Certain terminology is used in the following description for convenience only and is not limiting. The words “inner”, “inwardly” and “outer”, “outwardly” refer to directions toward and away from, respectively, a designated centerline or a geometric center of an element being described, the particular meaning being readily apparent from the context of the description. As used herein, the words “connected” and “coupled” are intended to include direct connections between two members without any other members interposed therebetween, indirect connections between members in which one or more other members are interposed therebetween, and operative connections in which one element, component, device, etc. exerts a force or influence on, or otherwise affects, another element/component without any physical connection. Furthermore, the term “position” is used herein to indicate a position, location, configuration, orientation, etc., of one or more components of the lock assembly and are each depicted in the drawings with reference to a randomly selected point on the element being described. Such points in the drawing figures are randomly selected for convenience only and have no particular relevance to the present invention. The terminology includes the words specifically mentioned above, derivatives thereof, and words of similar import.
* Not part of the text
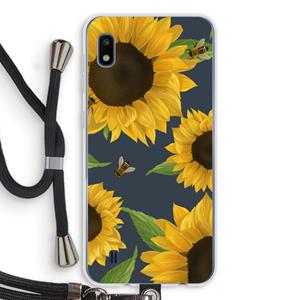 CaseCompany Sunflower and bees: Samsung Galaxy A10 Transparant Hoesje met koord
Referring now to the drawings in detail, wherein like numbers are used to indicate like elements throughout, there is shown in FIGS. 1-12 a lock assembly 10 for a security system 12 for monitoring at least one door 1 movably disposed within a frame 2, and preferably also additional doors 1 and a plurality of windows (none shown), as discussed below. The lock assembly 10 basically comprises a lock 14 and a lock sensor 16. The lock 14 is adjustable between a first, “locked” configuration (e.g., FIG. 5), at which the lock 14 secures the door 1 within the frame 2, and a second, “unlocked” configuration (e.g., FIG. 6) at which the door 1 is displaceable with respect to the frame 2. The lock sensor 16 is preferably generally disposed on the door 1 and is configured to generate a lock signal SL when the lock 14 adjusts from the locked configuration to the unlocked configuration.

The security system 12 basically comprises, in addition to the lock assembly 10, a door sensor 18, at least one alarm device 20, and a control 22. The door sensor 18 is configured to generate a door signal SD when the door 1 displaces with respect to the frame 2 and the alarm device 20 is configured to provide an alarm. Further, the control 22 is coupleable with the lock sensor 16 and with the door sensor 18 and is switchable between an armed mode MA and a disarmed mode MD. Although the lock assembly 10 and security system 12 are generally described herein and depicted with reference to a door 1, it is within the scope of the present invention to utilize the lock assembly 10 and security system 12 with one or more windows (none depicted). In such cases, the lock 14 functions to releasably secure a window within a window frame (neither shown) and the sensor 18 is configured to sense movement of the window relative to the window frame.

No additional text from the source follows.